L’artiste est revenu avec émotion sur son enfance, passée entre Les HLM et Grand-Dakar, et sur ses premiers pas dans la musique. ‘’On n’avait pas d’instruments. On jouait avec des bouteilles, des voitures garées. On cherchait des sons’’, se rappelle-t-il.

Son premier vrai instrument, il l’a reçu d’un voisin plus âgé, qui l’a intégré dans ses activités culturelles. ‘’C’est comme ça que j’ai commencé. Ensuite, j’ai quitté l’école et j’ai appris l’électricité. Sur les chantiers, j’étais seul, je chantais en travaillant. C’est comme cela que j’ai développé ma voix’’, raconte-t-il.

Il a aussi expliqué comment il se cachait pour jouer, car la musique n’était pas toujours bien vue. ‘’Je n’étais pas griot. Jouer des percussions, ce n’était pas toujours accepté. J’allais jouer dans d’autres quartiers, en cachette.’’

Une vision lucide de l’industrie musicale

Installé à Montréal depuis 1996, Elage Diouf reste profondément connecté au Sénégal. Il suit l’actualité artistique et sociale de près et en tire son inspiration. ‘’Ce que j’écris, ce que je chante, vient de ce que je vis, mais aussi de ce que les autres vivent. J’observe, j’écoute, je raconte.’’

Pour lui, la scène musicale sénégalaise regorge de talents, mais souffre d’un manque d’accompagnement.

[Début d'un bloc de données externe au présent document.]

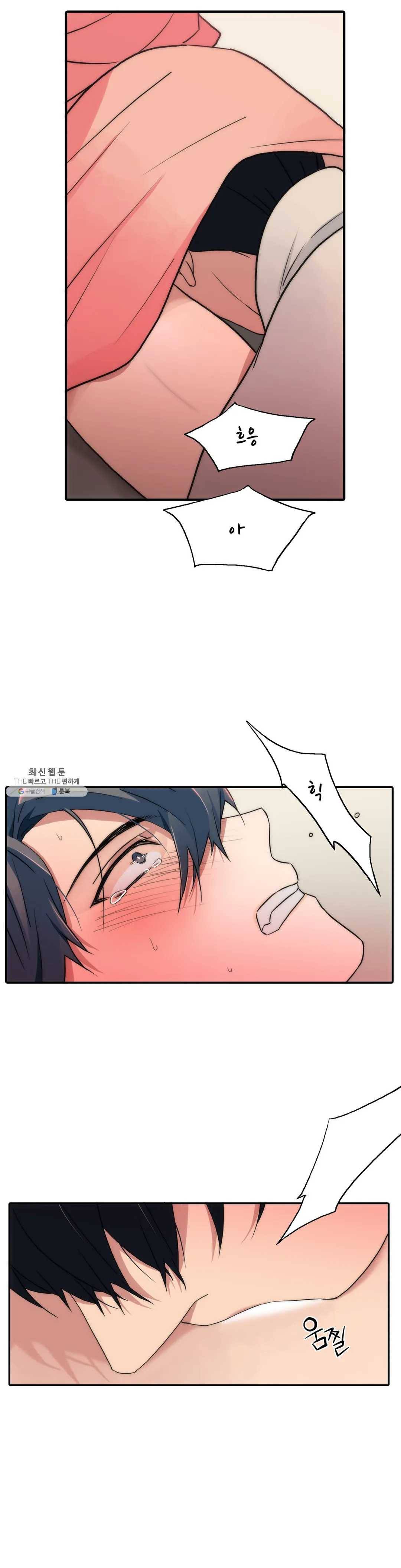 애인셔틀 68화 3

‘’Faire de la musique demande des moyens. Beaucoup d’artistes talentueux ne peuvent pas avancer parce qu’ils n’ont pas de soutien. Et parfois, les rares ressources qu’ils trouvent viennent de mécènes qui attendent quelque chose en retour’’, a-t-il regretté.

Il appelle à une meilleure structuration du secteur et à la protection des artistes contre le piratage. ‘’Vendre les CD piratés dans la rue, c’est comme vendre un bien volé. Cela tue la carrière de l’artiste.’’

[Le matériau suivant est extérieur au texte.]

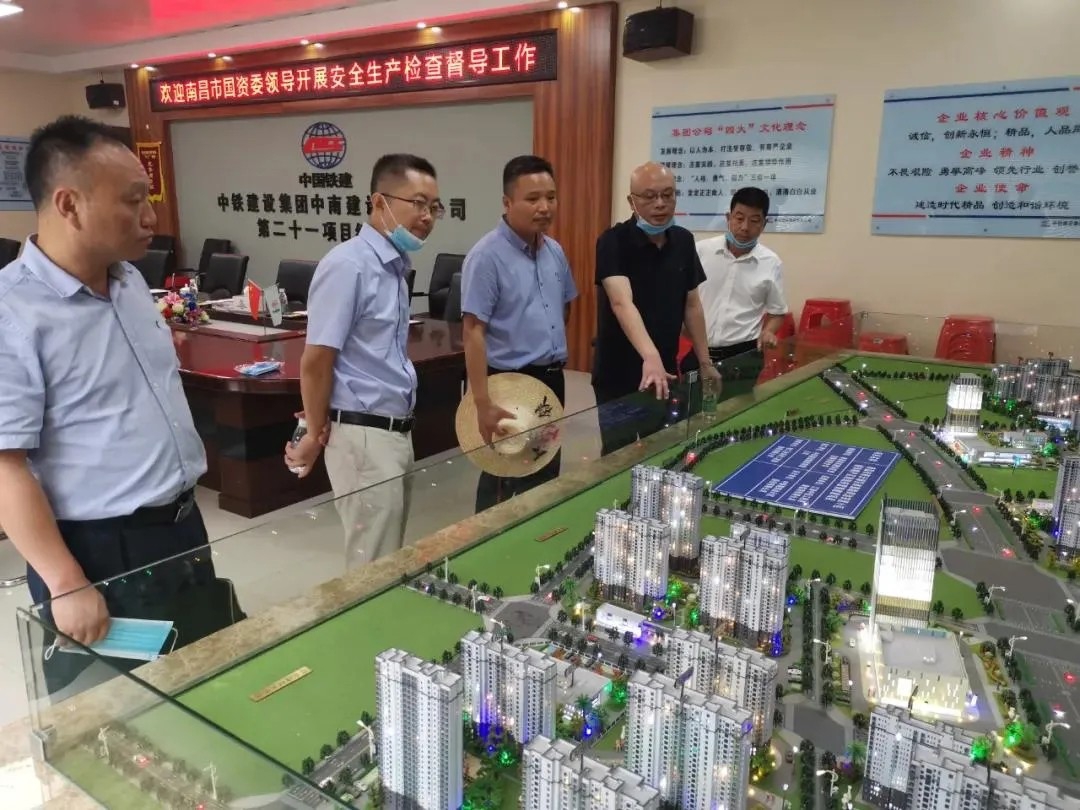 �׼�һ�е�������·�ﻧ��ˢ�°��跿��Ŀ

La création, chez lui, est avant tout un processus spontané. ‘’Navétane, je l’ai composée en cuisinant’’, confie-t-il, sourire en coin. ‘’Je me suis dit : tiens, cela ferait une bonne chanson pour motiver les joueurs. Je l’ai enregistrée en maquette, puis je suis allé en studio. C’est venu naturellement.’’

Selon lui, ‘’ce qui est difficile, c’est de trouver l’idée. Une fois qu’elle vient, on la développe. Et on ne sait jamais à qui ça va plaire. Mais il faut oser proposer’’.

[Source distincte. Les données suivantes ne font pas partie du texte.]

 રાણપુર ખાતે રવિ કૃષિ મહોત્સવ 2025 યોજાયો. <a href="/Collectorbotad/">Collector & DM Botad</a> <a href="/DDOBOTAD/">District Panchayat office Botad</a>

”J’aime les chansons qui racontent quelque chose, qui laissent une trace. L’amour, c’est bien, mais on ne peut pas chanter que ça. Il y a des réalités à dire, des messages à faire passer”, souligne Elage Diouf.

Sa dernière chanson Saytou (analyse en wolof), dit-il, est née d’un ressenti face à des dérives sociales. ”Ce que j’entends parfois dans les audios, les discussions, les comportements, ça m’inquiète. Il faut parfois tirer la sonnette d’alarme”, a-t-il indiqué.

Parmi ses influences majeures, Elage Diouf cite Youssou Ndour, Baaba Maal, Souleymane Faye, mais aussi les grandes voix du théâtre Sorano. ”Je suis très curieux. J’ai toujours écouté de tout. Même la télévision, dans mon enfance, a été une source d’apprentissage”, dit-il.

Aujourd’hui, bien que discret, il continue de travailler sur de nouveaux projets. ”J’ai beaucoup de chansons. L’industrie a changé, les albums physiques sont devenus rares. Tout est numérique. Mais j’essaie de m’adapter et de toujours proposer quelque chose de neuf”, indique-t-il.

Le concert prévu ce vendredi 20 juin à l’Institut français de Dakar s’annonce ainsi comme une plongée intime dans l’univers d’un artiste enraciné, généreux et profondément habité par le rythme et la parole.